If the law is irrelevant, accountability is non-existent

In response to White House’s Pfeiffer Does ‘Full Monty’ (Python) on Obama Scandals:

Conservatives, libertarians, and especially the Tea Party are often accused by liberals of “hating the government.”  We don’t hate it.  Besides being jealous of our liberties, as the Founding Fathers advised, and deeply skeptical of Big Government’s performance over the past few decades, we just want the same level of accountability we would expect from any private enterprise we do business with.  And you’re not going to see any business executives or their flacks trotting onto a full dance card of Sunday shows to declare “the law is irrelevant,” or sneer at the people who dare to question them, as Dan Pfeiffer did today.

The private sector knows such an attitude would provoke public outrage.  They might behave in ways that disdain, or even break, the law – that’s why we have courts and regulatory agencies.  But they don’t generally respond to criticism with a snotty dismissal of the uppity peons who absurdly dare to question them. 

That’s partly because private sector big shots know the media would love to drag them onto the headlines and pillory them for saying such things, and government regulators tend to regard chest-thumping about puny little laws as an invitation for enhanced scrutiny.  It’s also because there is only one guaranteed way to secure true accountability from any large organization: refuse to do business with them.  That’s an option the peons have with even the mightiest corporations, but not with the omnipresent State.  

Remember, early in the 2012 campaign, when Mitt Romney said he liked being able to fire people who give him bad service?  The low-wattage Left tried to edit that quote to make Romney look like a hybrid of the Grinch, Scrooge, and Darth Vader, getting his jollies by handing out pink slips.  But the full and clear meaning of his quote didn’t really sit any better with the more honest liberals.  They know exactly what Romney was talking about – he was specifically referring to the difference between dealing with your choice of insurance companies versus the soul-crushing ObamaCare bureaucracy.  The inescapable nature of government power is part of its romantic allure to the Left.  Disgruntled clients of the central State don’t get to walk away.  At most, they become players in a political game held only once every few years, and they’re not allowed to win, because even the worst Big Government programs never get repealed.

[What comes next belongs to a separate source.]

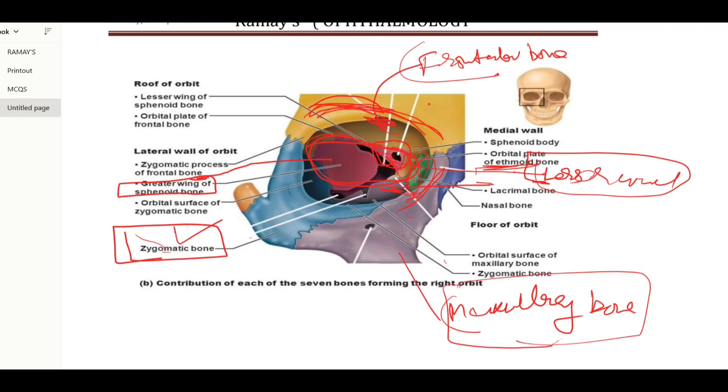So three bones form the medial wall: the ethmoid bone, the frontal process of maxilla, and the body of the sphenoid bone.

Obama has made an abject joke of “accountability,” although he still loves to throw the word around, because he knows people tend to believe politicians care about anything they mention frequently.  You can’t have accountability when arrogant aristocrats get to decide which laws they feel like obeying.  You can’t hold Obama’s feet to the fire when his loyal Party controls one house of Congress.  You can’t make him answer questions like “What were you doing on the night of September 11, 2012?” unless the media is willing to hound him relentlessly, and feed outrage back to the public.  The media helped him stuff all his skeletons in the closet and keep the door nailed shut until he got through the last election he’ll ever have to face.  They disconnected him so thoroughly from the actions of his Administration, and the results of his policies, that much of the public has no expectations of him whatsoever.  He’s pretty sure he can wear any scandal down until it’s time for his flacks to declare it “old news.”  

We’re often advised to take comfort in knowing we can hold politicians accountable at the ballot box.  What a foolish notion!  A government this large has countless ways to change the subject of any national conversation, and unless a massive scandal blows open right before Election Day, politicians can be reasonably confident they won’t be judged on the basis of whatever has people riled up months or years earlier.  At any rate, you’ll never get to cast a vote against the titanic bureaucracy, to which Congress has delegated much of its power.  It’s difficult to tie that bureaucracy to any single elected official.  Unless a highly improbable smoking-gun memo or brutally frank testimony under oath ties Obama to these corrupt IRS officials, does anyone really think the 2016 election will hinge on his IRS appointments, or those he makes to any other agency?

The only way to gain the respect of any large organization, public or private, is to make it believe it must earn and retain your business.  Otherwise, accountability and responsibility are merely chips of uncertain value on a poker table.